Streit um atomares Zwischenlager im Kernkraftwerk Unterweser weiter offen

28.04.2012

 

Zu: BVerwG, Urteil vom 22.03.2012 - 7 C 1.11

 

Nach dem Inhalt der auf 40 Jahre befristeten Genehmigung darf die beigeladene Betreiberin des Kernkraftwerks in dem Zwischenlager bestrahlte Brennelemente in bis zu 80 Castor-Behältern aufbewahren. Die Kläger sind Landwirte, die überwiegend Milchviehwirtschaft betreiben. Ihre Hofstellen sind von dem Zwischenlager ca. 1,7 bzw. 3 km entfernt, ein Teil der Grünlandflächen reicht bis auf 140 m an das Kraftwerksgelände heran. Nach ihrer Auffassung ist der erforderliche Schutz des Zwischenlagers gegen terroristische Angriffe, insbesondere gegen einen gezielten Flugzeugabsturz oder einen Beschuss mit sog. Hohlladungsgeschossen (etwa Panzerfäusten) nicht gewährleistet.

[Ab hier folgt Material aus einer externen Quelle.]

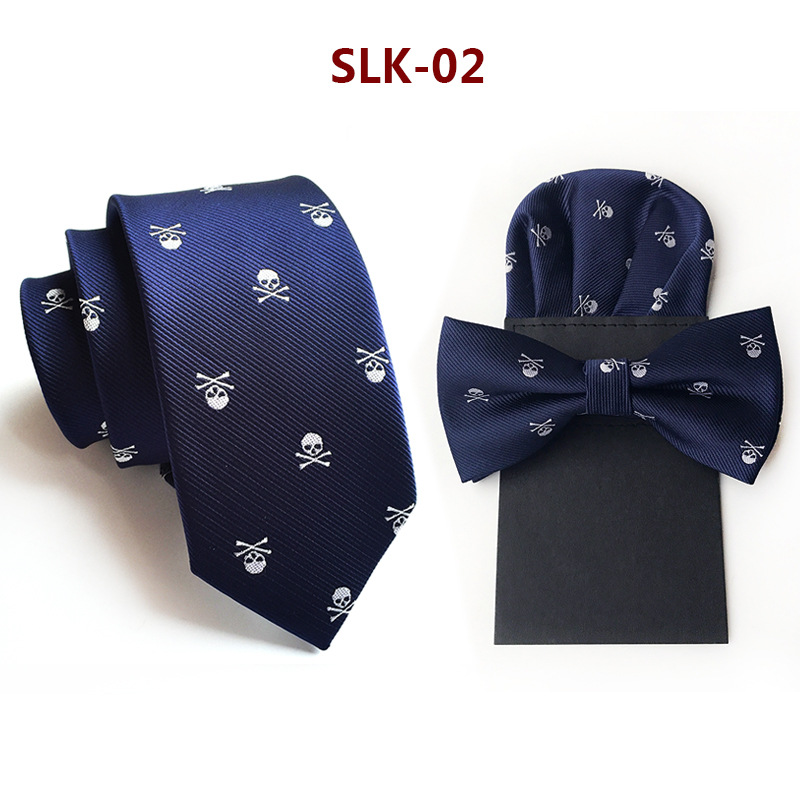 

New Tie Bow Tie Handkerchief Three-piece for Men Paper Hanky Bowtie Pocket Square Skull Corbata Wedding Business Necktie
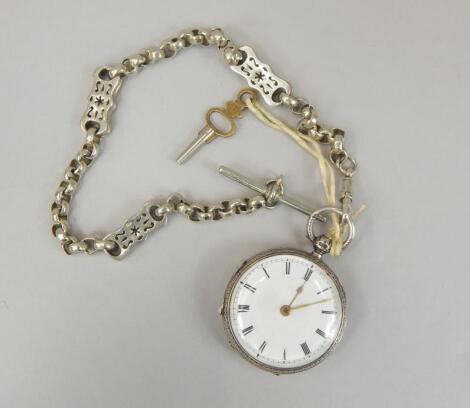 A Victorian silver cased fob watch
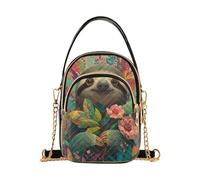 Mnsruu Women Girls Crossbody Bag, Sloth in Jungle Ladies Shoulder Bag, Cellphone Handbags Coin Purse Wallet Gifts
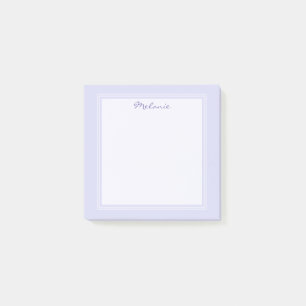 Modern Lavender Purple Lilac White Border Script Post-it Notes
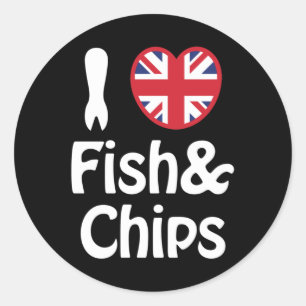 Adesivo Redondo I Heart [Love] Fish & Chips Classic Round Sticker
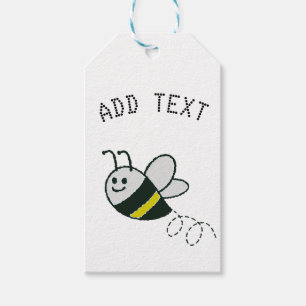 Embroidery Print Cute Bee Baby Shower Gift Tags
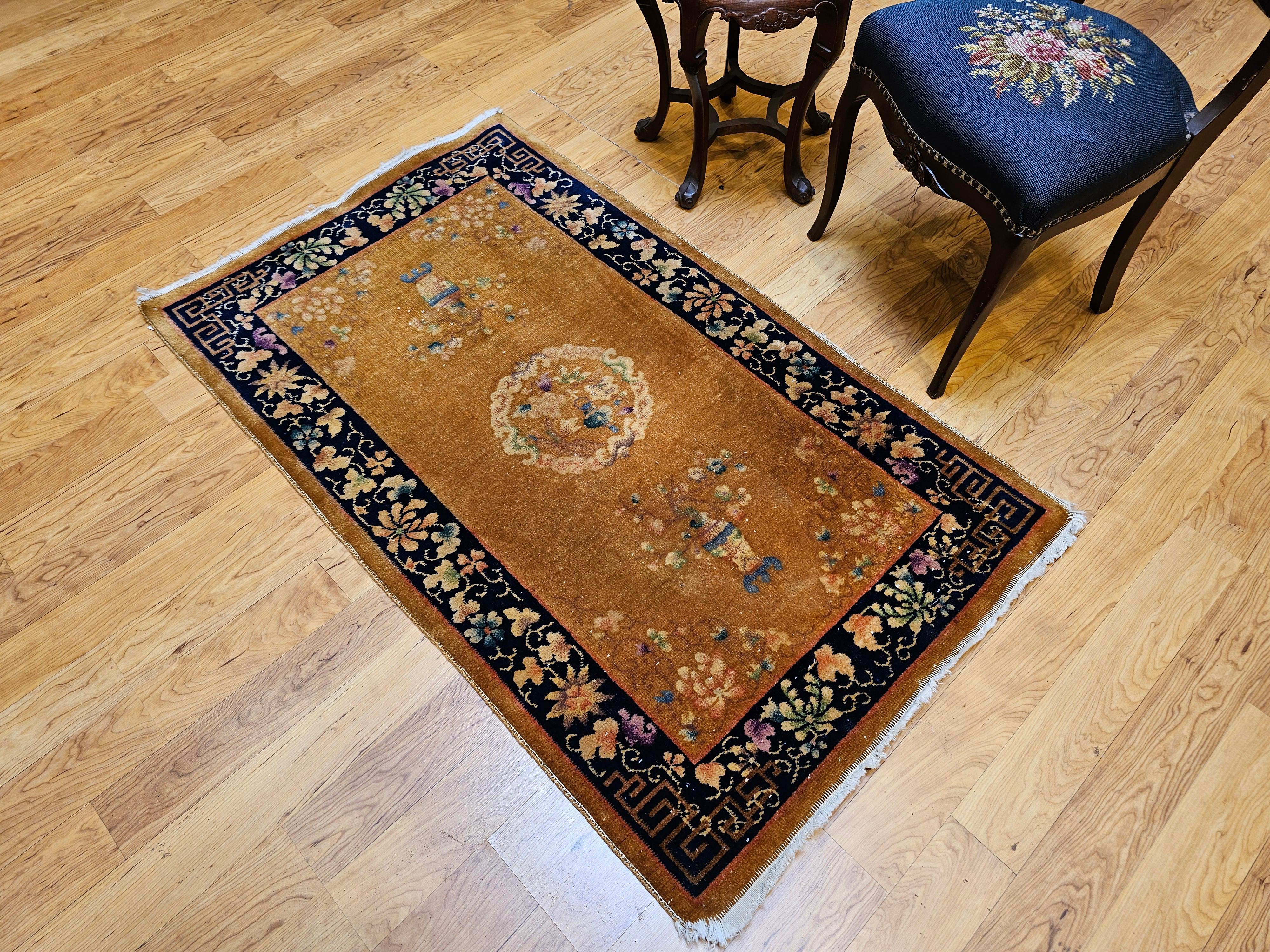 Vintage Art Deco Chinese Rug in Tan Field with Dark Blue Border & Vase Motifs For Sale 3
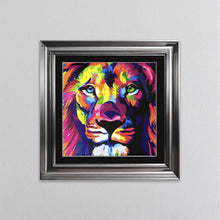 Load image into Gallery viewer, Multicoloured Lion Framed Wall Art

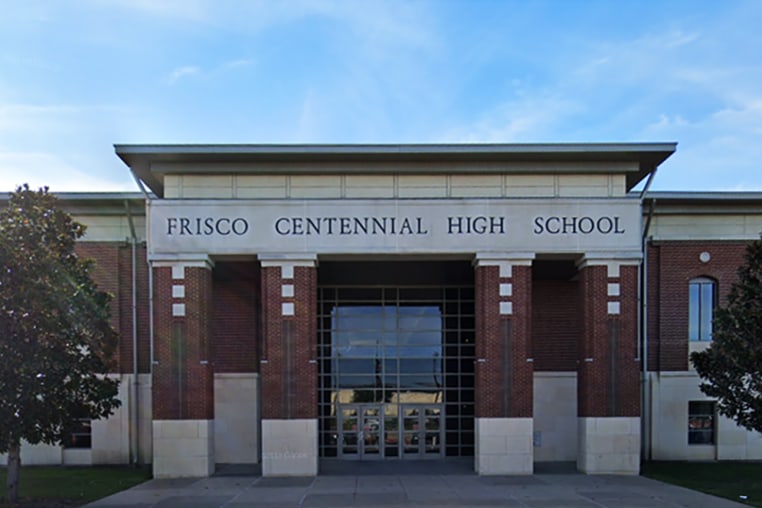 A screenshot of the exterior of Frisco Centennial High School in Texas.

Das Oberverwaltungsgericht hat die Klage abgewiesen. Aufgrund des sog. Funktionsvorbehalts im Atomrecht sei die Exekutive für die Risikoermittlung und -bewertung allein verantwortlich. Die gerichtliche Nachprüfung atomrechtlicher Genehmigungen sei darauf beschränkt, ob die behördliche Risikoermittlung und Risikobewertung auf einer ausreichenden Datenbasis und willkürfreien Annahmen beruht. Dies sei hier der Fall. Der maßgebliche Richtwert für eine Evakuierung werde nach den – aus Gründen des Geheimnisschutzes im Gerichtsverfahren nur teilweise offen gelegten – Sachverständigengutachten selbst beim Absturz einer vollgetankten Boeing 747 nicht erreicht. Den Flugzeugtyp Airbus A 380 habe die Beklagte zum maßgeblichen Zeitpunkt der Genehmigungserteilung noch nicht in die Prüfung einbeziehen müssen. Auch im Hinblick auf Gefahren aus einem Panzerfaustbeschuss werde der Richtwert deutlich unterschritten.

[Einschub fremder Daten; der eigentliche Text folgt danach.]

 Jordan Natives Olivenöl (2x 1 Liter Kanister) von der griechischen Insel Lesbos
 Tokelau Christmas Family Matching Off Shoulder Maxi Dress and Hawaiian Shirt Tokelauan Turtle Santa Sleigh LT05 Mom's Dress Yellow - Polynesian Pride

Das BVerwG hat das angefochtene Urteil aufgehoben.

Nach Auffassung des BVerwG verletzt das Urteil revisibles Recht, weil das Oberverwaltungsgericht seiner Entscheidung, die Behörde habe den Airbus A 380 aus der Risikobewertung ausblenden dürfen, einen fehlerhaften Willkürmaßstab zugrunde gelegt hat und ihm überdies bei der Beurteilung der Vorsorge gegen den Beschuss mit Panzerfäusten ein Fehler bei der Überzeugungsbildung unterlaufen ist. Mangels ausreichender Tatsachenfeststellungen kann das BVerwG nicht selbst über die Rechtmäßigkeit der Genehmigung entscheiden. Die Sache musste deshalb an die Vorinstanz zurückverwiesen werden.